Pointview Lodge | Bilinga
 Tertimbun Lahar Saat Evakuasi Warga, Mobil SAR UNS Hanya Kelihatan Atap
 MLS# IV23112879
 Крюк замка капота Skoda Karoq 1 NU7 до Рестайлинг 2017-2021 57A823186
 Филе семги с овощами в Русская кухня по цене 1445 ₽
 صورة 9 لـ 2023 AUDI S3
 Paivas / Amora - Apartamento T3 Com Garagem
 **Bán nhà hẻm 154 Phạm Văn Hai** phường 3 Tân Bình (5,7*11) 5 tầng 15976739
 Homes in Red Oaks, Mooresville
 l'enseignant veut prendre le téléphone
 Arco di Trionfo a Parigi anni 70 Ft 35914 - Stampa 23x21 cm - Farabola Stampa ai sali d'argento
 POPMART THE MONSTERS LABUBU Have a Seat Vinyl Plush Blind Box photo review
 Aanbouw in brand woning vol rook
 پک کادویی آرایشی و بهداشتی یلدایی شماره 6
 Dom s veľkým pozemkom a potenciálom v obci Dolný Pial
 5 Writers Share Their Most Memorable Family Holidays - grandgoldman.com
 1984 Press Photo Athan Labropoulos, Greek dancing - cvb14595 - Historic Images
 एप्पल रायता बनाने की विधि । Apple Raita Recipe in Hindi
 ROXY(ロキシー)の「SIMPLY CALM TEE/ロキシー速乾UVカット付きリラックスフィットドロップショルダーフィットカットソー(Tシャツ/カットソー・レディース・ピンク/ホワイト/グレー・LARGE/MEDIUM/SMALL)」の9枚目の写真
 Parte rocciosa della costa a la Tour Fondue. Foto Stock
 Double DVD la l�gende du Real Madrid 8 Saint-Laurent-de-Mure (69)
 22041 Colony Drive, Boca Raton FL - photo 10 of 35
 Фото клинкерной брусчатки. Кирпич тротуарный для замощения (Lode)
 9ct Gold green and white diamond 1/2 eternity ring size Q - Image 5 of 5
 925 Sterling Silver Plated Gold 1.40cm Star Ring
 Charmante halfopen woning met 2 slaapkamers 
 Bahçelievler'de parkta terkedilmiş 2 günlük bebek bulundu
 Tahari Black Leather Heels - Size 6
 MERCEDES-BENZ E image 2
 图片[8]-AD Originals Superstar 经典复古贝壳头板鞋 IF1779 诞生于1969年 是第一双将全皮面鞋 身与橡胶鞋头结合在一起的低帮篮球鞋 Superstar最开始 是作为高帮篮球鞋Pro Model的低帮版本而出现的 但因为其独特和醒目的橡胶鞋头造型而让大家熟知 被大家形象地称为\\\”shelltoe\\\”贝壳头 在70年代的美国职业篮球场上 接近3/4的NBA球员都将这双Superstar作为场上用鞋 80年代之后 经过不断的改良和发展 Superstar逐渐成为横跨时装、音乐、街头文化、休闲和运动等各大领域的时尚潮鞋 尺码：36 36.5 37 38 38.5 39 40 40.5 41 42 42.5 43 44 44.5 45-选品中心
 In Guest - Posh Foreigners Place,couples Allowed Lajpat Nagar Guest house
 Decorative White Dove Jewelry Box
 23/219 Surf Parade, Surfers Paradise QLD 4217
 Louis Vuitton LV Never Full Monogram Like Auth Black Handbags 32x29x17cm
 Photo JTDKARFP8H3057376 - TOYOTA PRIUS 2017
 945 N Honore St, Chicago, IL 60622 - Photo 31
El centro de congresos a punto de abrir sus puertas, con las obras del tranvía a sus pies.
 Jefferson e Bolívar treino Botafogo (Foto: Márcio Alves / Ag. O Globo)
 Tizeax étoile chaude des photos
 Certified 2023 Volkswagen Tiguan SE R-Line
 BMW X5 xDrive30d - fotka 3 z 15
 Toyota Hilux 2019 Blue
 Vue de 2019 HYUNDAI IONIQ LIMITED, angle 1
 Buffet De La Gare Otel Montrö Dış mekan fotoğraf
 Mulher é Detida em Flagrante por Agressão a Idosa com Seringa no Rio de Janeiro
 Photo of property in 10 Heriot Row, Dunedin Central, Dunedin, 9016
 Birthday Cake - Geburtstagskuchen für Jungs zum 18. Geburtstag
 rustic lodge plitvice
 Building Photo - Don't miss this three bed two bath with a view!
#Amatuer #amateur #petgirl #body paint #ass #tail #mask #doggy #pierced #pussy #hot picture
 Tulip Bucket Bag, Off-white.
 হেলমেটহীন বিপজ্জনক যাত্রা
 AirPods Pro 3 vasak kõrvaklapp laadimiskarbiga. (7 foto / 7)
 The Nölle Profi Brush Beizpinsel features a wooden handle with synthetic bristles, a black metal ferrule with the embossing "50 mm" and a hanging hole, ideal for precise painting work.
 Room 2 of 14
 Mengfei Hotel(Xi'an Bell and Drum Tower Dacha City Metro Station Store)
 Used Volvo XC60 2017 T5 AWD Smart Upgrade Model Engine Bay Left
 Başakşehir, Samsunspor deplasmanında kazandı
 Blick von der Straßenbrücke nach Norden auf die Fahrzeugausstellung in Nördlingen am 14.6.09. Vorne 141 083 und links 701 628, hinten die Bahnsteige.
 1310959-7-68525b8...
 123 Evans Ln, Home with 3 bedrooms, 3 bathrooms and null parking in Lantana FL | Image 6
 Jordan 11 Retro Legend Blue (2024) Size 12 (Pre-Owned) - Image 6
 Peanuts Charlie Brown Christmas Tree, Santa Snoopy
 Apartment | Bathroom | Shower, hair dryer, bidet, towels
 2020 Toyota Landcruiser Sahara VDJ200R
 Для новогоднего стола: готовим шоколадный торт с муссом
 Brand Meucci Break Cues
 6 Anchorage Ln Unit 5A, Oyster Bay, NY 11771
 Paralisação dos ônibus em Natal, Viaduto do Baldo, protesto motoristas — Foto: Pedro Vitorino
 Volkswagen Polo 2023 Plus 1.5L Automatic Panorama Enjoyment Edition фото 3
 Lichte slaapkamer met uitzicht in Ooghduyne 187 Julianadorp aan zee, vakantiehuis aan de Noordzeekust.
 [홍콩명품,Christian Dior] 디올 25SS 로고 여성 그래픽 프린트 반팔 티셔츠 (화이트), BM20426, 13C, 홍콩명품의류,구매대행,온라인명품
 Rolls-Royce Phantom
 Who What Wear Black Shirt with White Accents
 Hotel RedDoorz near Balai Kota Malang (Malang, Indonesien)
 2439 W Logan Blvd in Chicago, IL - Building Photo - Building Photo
- - -
◆ What needs to be done ◆
Give only the lines from the one holding "Tahari Black Leather Heels - Size 6" through the one holding "MERCEDES-BENZ E image 2", each restated exactly as it appears above.

◆ Your response ◆
 Tahari Black Leather Heels - Size 6
 MERCEDES-BENZ E image 2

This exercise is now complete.